Gracias, mi Señor
Quiero darte las gracias, mi Señor, por las bendiciones, regalo divino que me has dado:
Por el cansancio, por las desilusiones, por la angustia, por mis tropiezos y mi desesperación; además, por las alegrías, las satisfacciones, la plenitud y, especialmente, por tu amor. Por el amor de mi padre y de todos los que me han rodeado a lo largo de mi vida. Algunos me dieron amor y afecto; otros, desilusión y penas, pero, igual, lo agradezco porque eso me enseñó a luchar, a pelear y me hizo fuerte.
Las lágrimas que derramé limpiaron mi alma, mi vida y mis ojos; el dolor que padecí forjó mi espíritu y pude compartir con los demás su fruto. Los conocimientos adquiridos han servido para convencer y espero que, también, para enseñar o iluminar con mi pequeña e insignificante luz a otras personas. Mis pasos no siempre fueron seguros, no siempre fueron firmes, pero sí, muy insistentes.
Mi padre me enseñó a amarte y por eso lo amo. Porque me hizo observarte en cada estrella, en cada brizna de hierba, en el rocío de las plantas en primavera y en la reluciente escarcha en el invierno. Me enseñó a cantar para alabarte y a buscarte más allá de las constelaciones, cuando los ojos se llenan de lágrimas y el corazón grita, buscando una respuesta que nadie conoce.

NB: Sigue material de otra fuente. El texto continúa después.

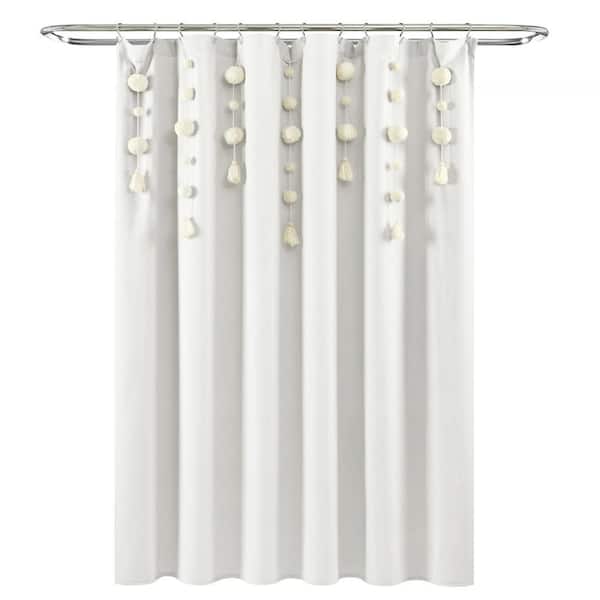 72 in. x 72 in. Boho Pom Pom Tassel Linen Shower Curtain Off White Single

Gracias por los amigos “a toda prueba” que me has dado. Durante las grandes dificultades de mi vida muchos se quedaron en el camino y los perdí; los que persistieron, afirmaron y reforzaron el divino lazo de la amistad. Te agradezco tanto a unos como a los otros; ambos me dieron lecciones de existencia y supervivencia.
¡Gracias!
Sin embargo, después de todo, ahora quiero preguntarte, ¿por qué...? Las lágrimas ya no limpian mis ojos sino que los consumen; el dolor ya no forja mi espíritu sino que los desgarra y ya sólo puedo compartir tristeza... La prueba fue excesiva, mortal.